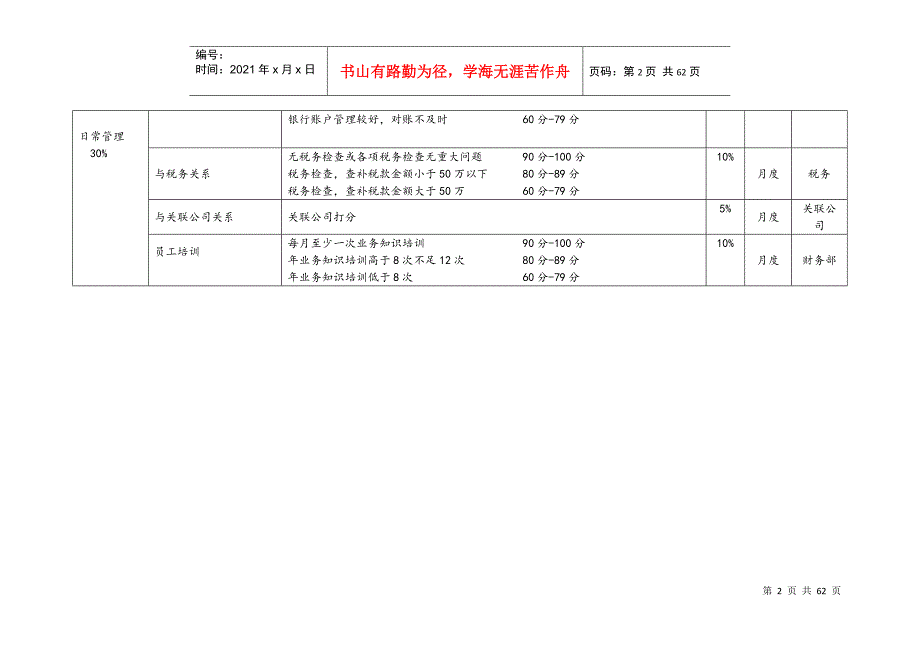 某股份投资公司绩效考核指标库DOC60页.doc_第2页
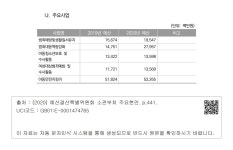 대한민국 국회도서관 | 정보검색 > 소장정보 검색 > 32. 경찰청 - 3. 생활안전국 - 나. 주요사업 32. 경찰청 - 3. 생활안전국 - 나. 주요사업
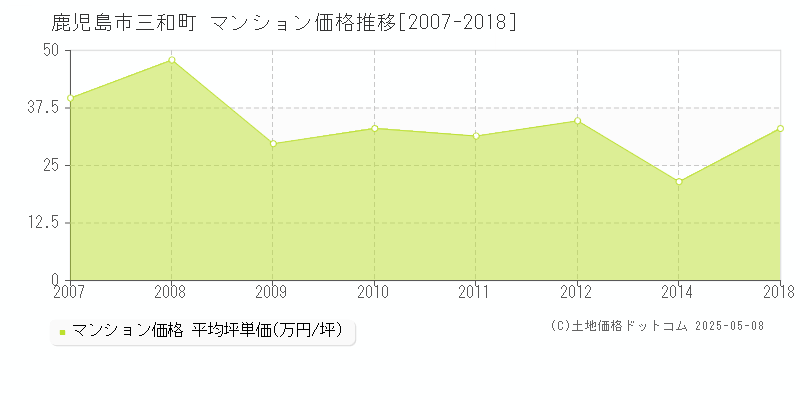 鹿児島市三和町のマンション価格推移グラフ 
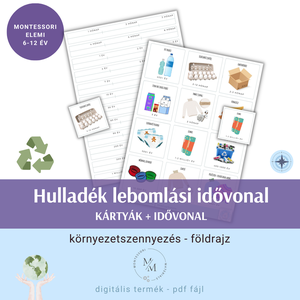 Hulladékok lebomlási ideje - Montessori válogató kártyák - művészet - grafika & illusztráció - digitális - Meska.hu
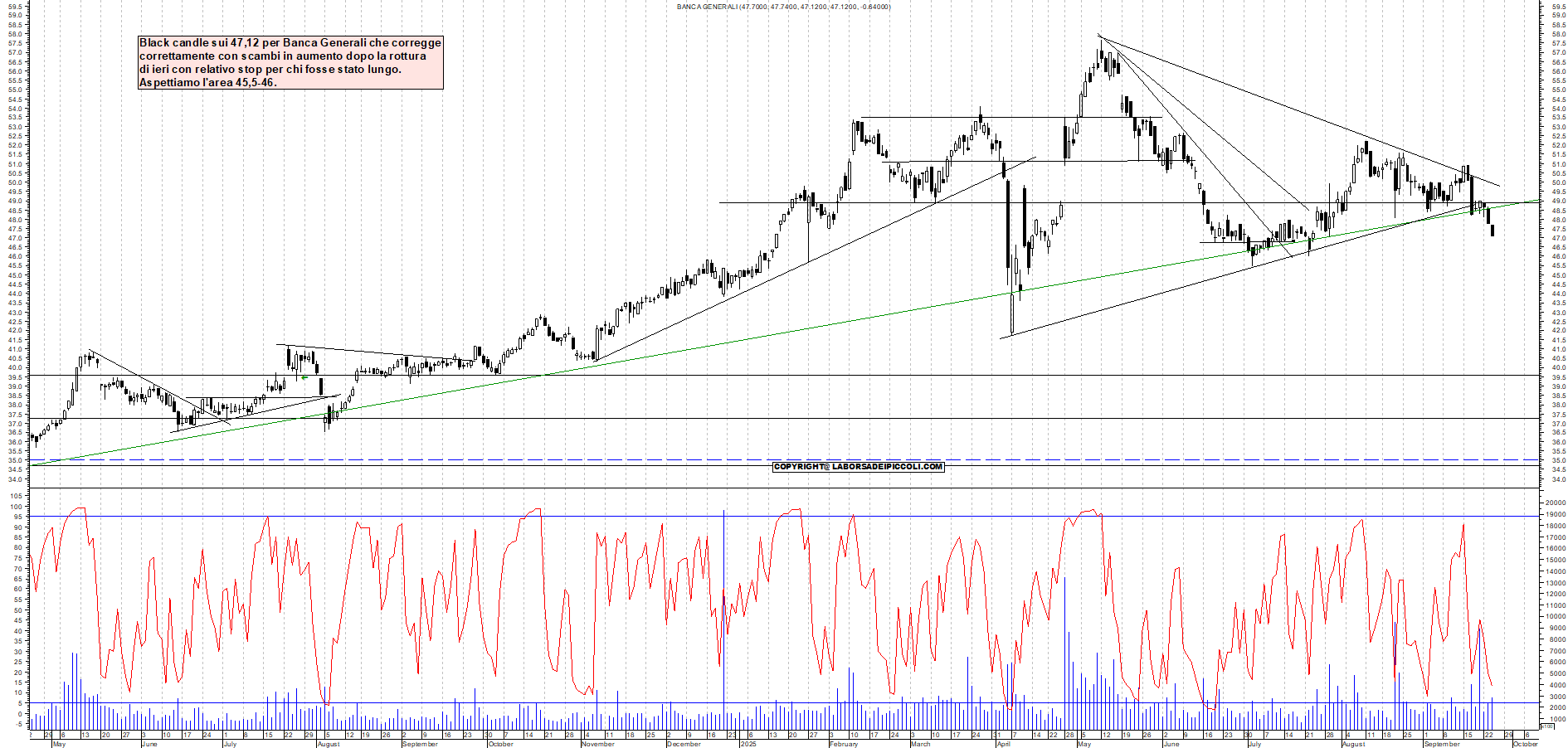Grafico BANCA-GENERALI - 24/09/2025, 19:06
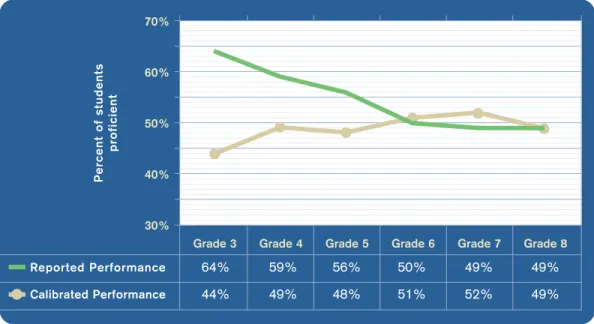 Figure 6 – Washington Mathematics Performance as Reported and as Calibrated to the Grade-8 Standard, 2006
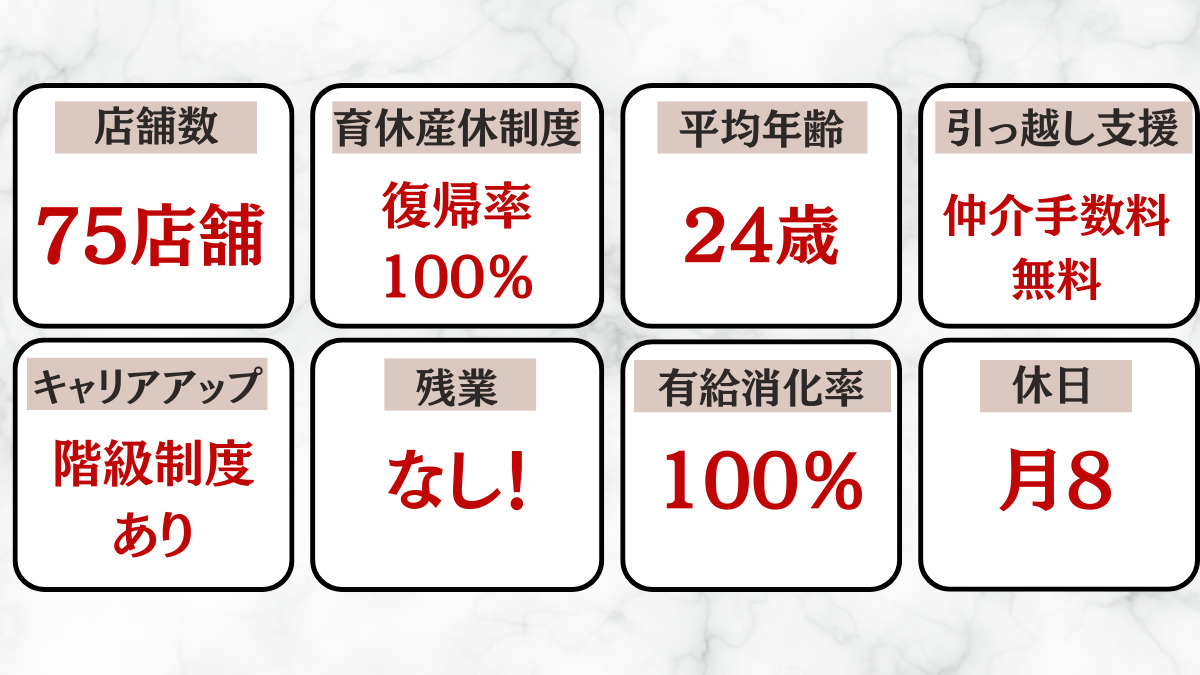 眉毛/まつ毛パーマ専門店 patra eyes　代々木上原【2024年夏オープン】の写真2枚目：
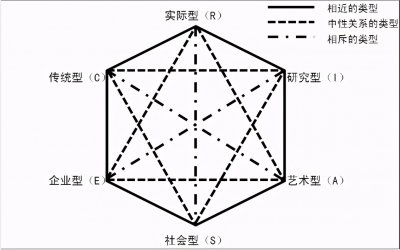 ​霍兰德类型的含义（霍兰德类型理论概述）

Action item: Repeat the listing above exactly, with no pictures.

Exercise answer:
 某股份投资公司绩效考核指标库DOC60页.doc_第2页
 대한민국 국회도서관 | 정보검색 > 소장정보 검색 > 32. 경찰청 - 3. 생활안전국 - 나. 주요사업 32. 경찰청 - 3. 생활안전국 - 나. 주요사업
 鹿児島市三和町のマンション価格推移グラフ 
 Hulladékok lebomlási ideje - Montessori válogató kártyák - művészet - grafika & illusztráció - digitális - Meska.hu
Grafico BANCA-GENERALI - 24/09/2025, 19:06
 Figure 6 – Washington Mathematics Performance as Reported and as Calibrated to the Grade-8 Standard, 2006
 眉毛/まつ毛パーマ専門店 patra eyes　代々木上原【2024年夏オープン】の写真2枚目：
 ​霍兰德类型的含义（霍兰德类型理论概述）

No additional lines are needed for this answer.